I can’t speak on behalf of the ACLC, but I can speak to a lot of the conversations we have, and there are a couple of key points: the overall belief is that accountable care will keep marching forward. On the market side, we have had this economic pressure to change the way we are delivering care, and the pressure for more cost-effective care. This goes back to the early 1990s with managed care; there have been multiple iterations. This isn’t new. Republicans were even pushing and experimenting with delivery reform before Obama, and that’s responsive to a market pressure and an economic pressure to reduce costs.
And on the policy side, there’s at least one good reason to expect accountable care to move forward, and that’s MACRA—a bipartisan law with lots of Republican support. The element that will be helpful about MACRA is the MIPS [the Merit-based Incentive Payment System] side, so you have different quality programs like Meaningful Use and PQRS [Physician Quality Reporting System], and then there is the APM [alternative payment model] side, where you have a chance for a 5 percent payment bonus. That is really attractive. The CMMI [the Center for Medicare & Medicaid Innovation] has put out many of these programs; they are the organization which provides those avenues to achieve those APMs, and they are making tweaks to make them more attainable. The pressure will be on the new administration to preserve that type of activity and [continue] that momentum towards the accountable care transformation.
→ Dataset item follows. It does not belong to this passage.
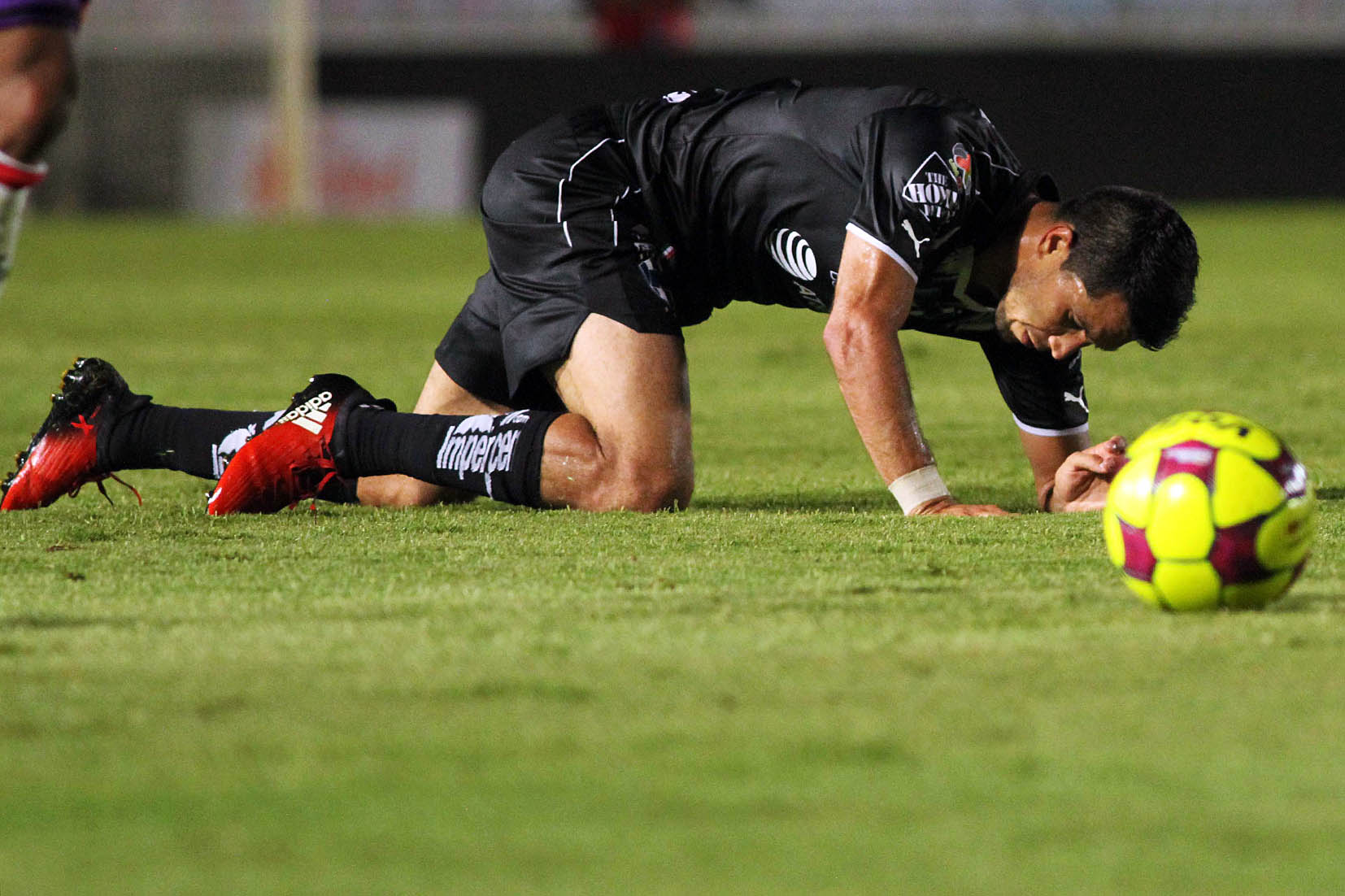 Mira las mejores imágenes del triunfo escualo sobre Monterrey.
Do you think ACOs could be in any danger if a repeal or replace happens, given that many of them stemmed from the ACA?
Accountable care, speaking globally to value-based payments, is not going anywhere. These different payment models, like an ACO, will continue to evolve in a variety of different structures. ACOs, as they are now, don’t even mean one type of program; they have evolutions. Providers we have talked to intending to get into the MSSP [Medicaid Shared Savings Program], for instance, have hit the pause button given this political uncertainty, but we fully expect that this will not freeze inevitably or fall apart. It might be a slow pause, but there are enough signals that this is the way forward.
What advice can you give to those who are stuck in this uncertain period?
Do not ignore it. By not paying attention, you can really put yourself in a bad situation. Take time to learn about what’s going on. Pay attention to new programs and what’s going on in your market, and start learning from as many sources as you can.